:: WHAT YOU ARE ASKED TO DO ::
When the listing below reaches the line that has "Маленькие котятаотдадим в", start reproducing exactly; stop after the line that has "Eclipse® Precision Large Pan Balances", and drop the pictures.

:: DATA FOR ANALYSIS ::
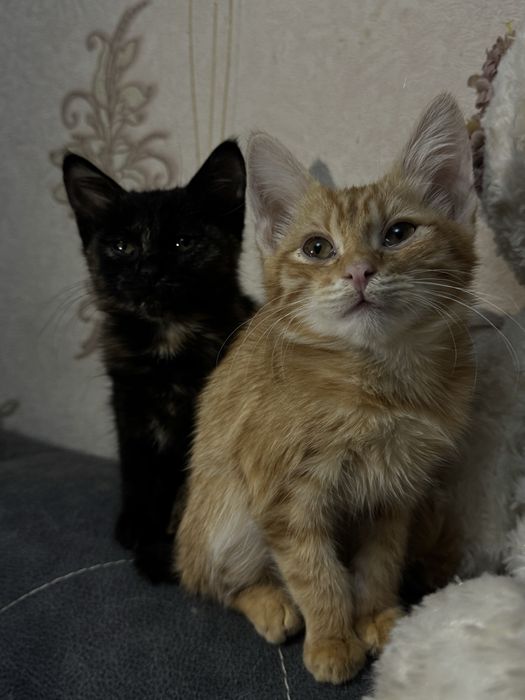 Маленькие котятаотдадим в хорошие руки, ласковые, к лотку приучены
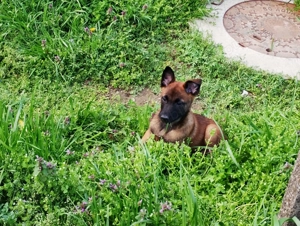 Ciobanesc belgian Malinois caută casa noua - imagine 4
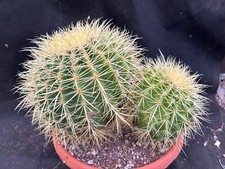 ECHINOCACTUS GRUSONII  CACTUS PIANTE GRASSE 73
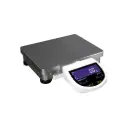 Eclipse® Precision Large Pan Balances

* * *

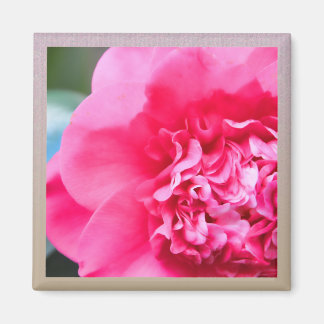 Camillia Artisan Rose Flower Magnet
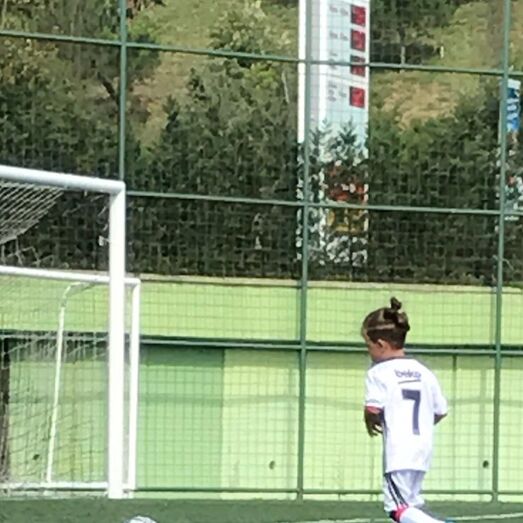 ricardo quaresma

:: YOUR RESPONSE ::
 Маленькие котятаотдадим в хорошие руки, ласковые, к лотку приучены
 Ciobanesc belgian Malinois caută casa noua - imagine 4
 ECHINOCACTUS GRUSONII  CACTUS PIANTE GRASSE 73
 Eclipse® Precision Large Pan Balances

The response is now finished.